● **Saved entries**
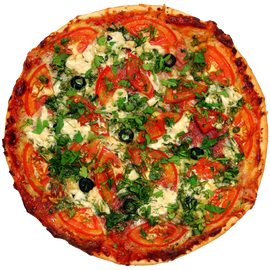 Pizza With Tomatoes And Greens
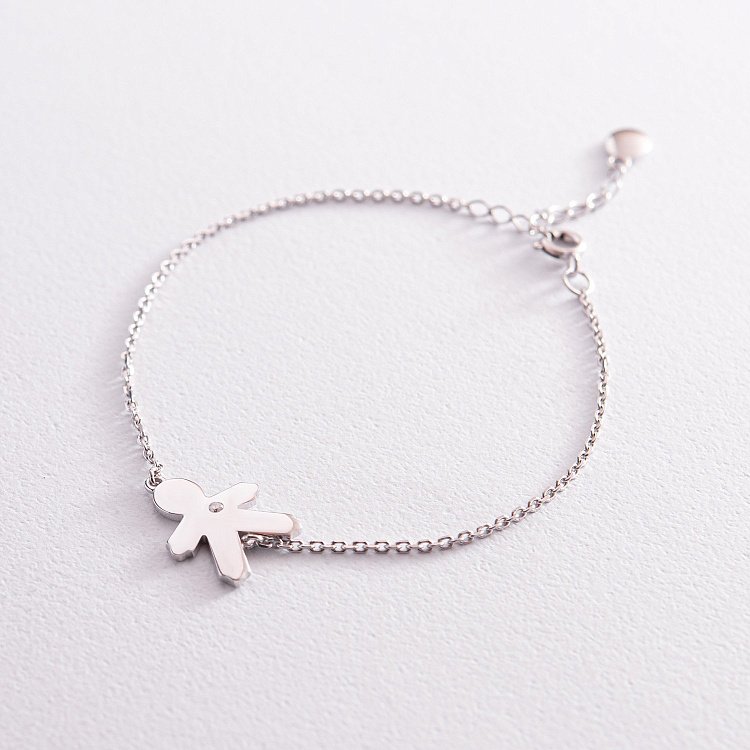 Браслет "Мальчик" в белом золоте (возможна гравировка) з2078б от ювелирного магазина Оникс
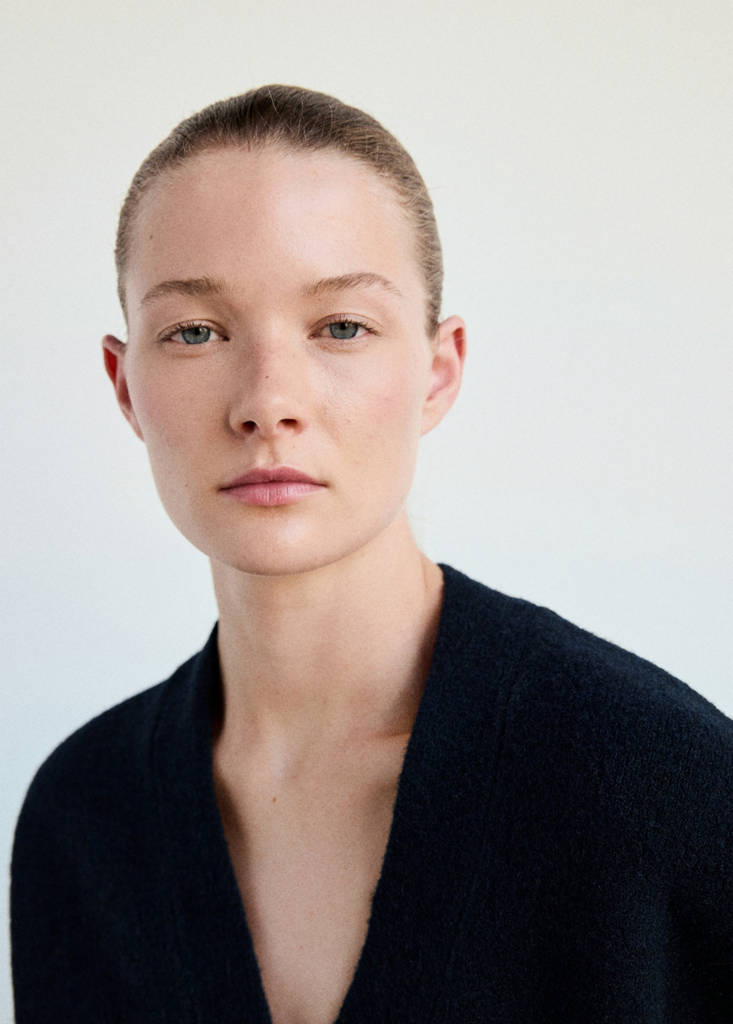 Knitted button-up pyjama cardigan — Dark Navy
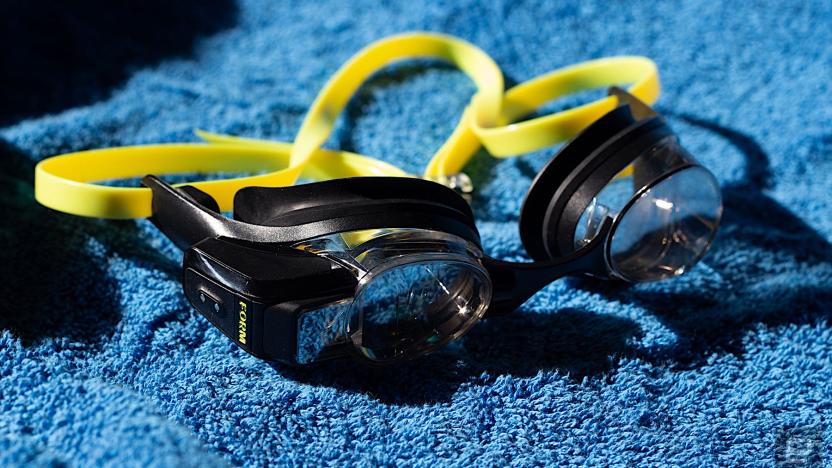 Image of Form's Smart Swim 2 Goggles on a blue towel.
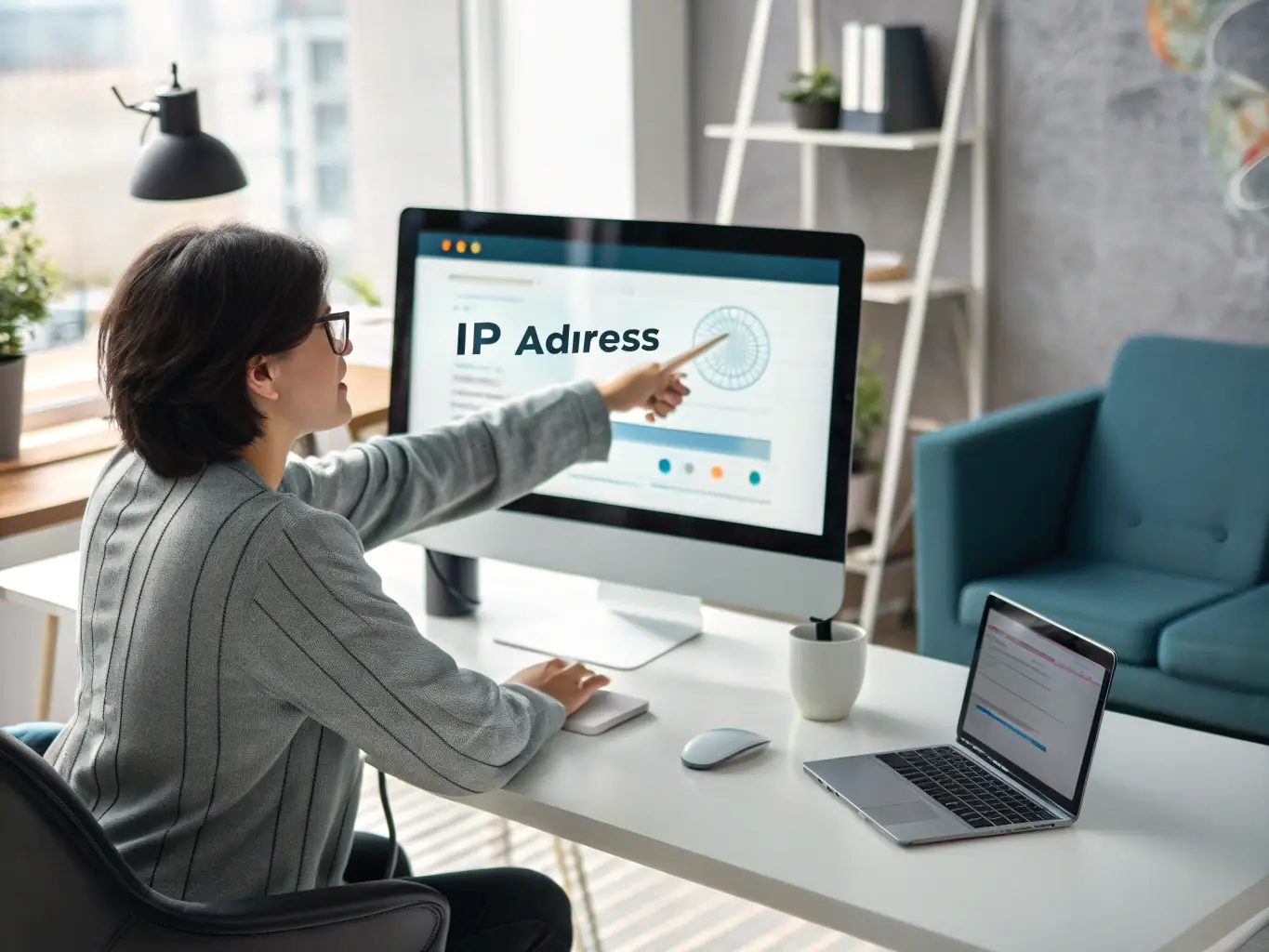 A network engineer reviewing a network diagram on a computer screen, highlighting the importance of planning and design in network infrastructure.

● **Prompt**
From the line containing "Knitted button-up pyjama" to the last line of the records, inclusive, output the lines exactly as written and nothing else; leave out the pictures.

● **Answer box**
 Knitted button-up pyjama cardigan — Dark Navy
 Image of Form's Smart Swim 2 Goggles on a blue towel.
 A network engineer reviewing a network diagram on a computer screen, highlighting the importance of planning and design in network infrastructure.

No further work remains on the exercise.